It’s easy to give thanks during the good times. Being thankful during times of anger, confusion, and frustration, that’s true love.

ACC-Logo-Timeline-600x362Eyes across the country are on the ACC right now for all of the wrong reasons as an entire crew of on-field and replay officials were suspended yesterday for multiple errors on the final play of the Duke/Miami football game that robbed the Blue Devils of the win, robbed NC fans of a matchup between two ranked teams in the battle for the Victory Bell, and ultimately robbed itself of a much-needed boost in national perception. The league did the most they could do within their power by punishing the crew and admitting the indisputable miss on the replay (which differs from the Thomas Sirk touchdown that was reviewed with no conclusive evidence to overturn the call) and the multiple blocks in the back that were also clear on replay, but that’s little consolation for Duke who now has no margin for error in their quest for a fourth straight Pool 1 (or higher) bowl.

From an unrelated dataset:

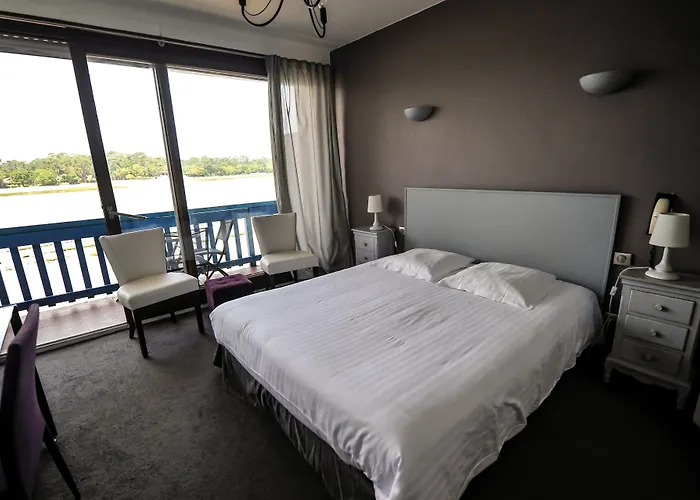 Le Relais Du Hotel 3*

While the fallout from the call has Blue Devil fans seething and fans from every other school in the state pointing out the numerous times from the past that referees directly cost them a game (TA was definitely in, Kendall Marshall definitely pushed off, Justise Winslow definitely cleared the lane, and … okay I can’t think of a call that went in NC State or Wake’s favor, maybe you guys have a point), we love the ACC in ways that fans outside of North Carolina will never understand. The ACC is our home, and though we may act like rebellious teenagers who threaten to run away every time our friends next door get to do something we’re not allowed to do, we’re still here. And we’ll fight at the drop of a hat when outsiders speak poorly of our family. 

The conference was born in 1953 when seven schools, including Duke, North Carolina, North Carolina State, and Wake Forest, seceded from the Southern Conference in protest of the league’s ban on post season play in football. IN FOOTBALL. Though the league gained prominence as a basketball league, mostly thanks to the sustained excellence of the Big Four and the popularity of unprecedented events like the Dixie Classic and the ACC Basketball Tournament, football has been the catalyst for growth and change from the league’s birth. In 1978, the league extended an invitation to traditional football power Georgia Tech, and did the same again in 1991 with the addition of Florida State. In 2004, the league made known their plans to add Boston College, Virginia Tech, and football power Miami for the sole purpose of creating divisions in order to create a conference football championship game. Miami remains the only school from the first three waves of expansion without a divisional championship.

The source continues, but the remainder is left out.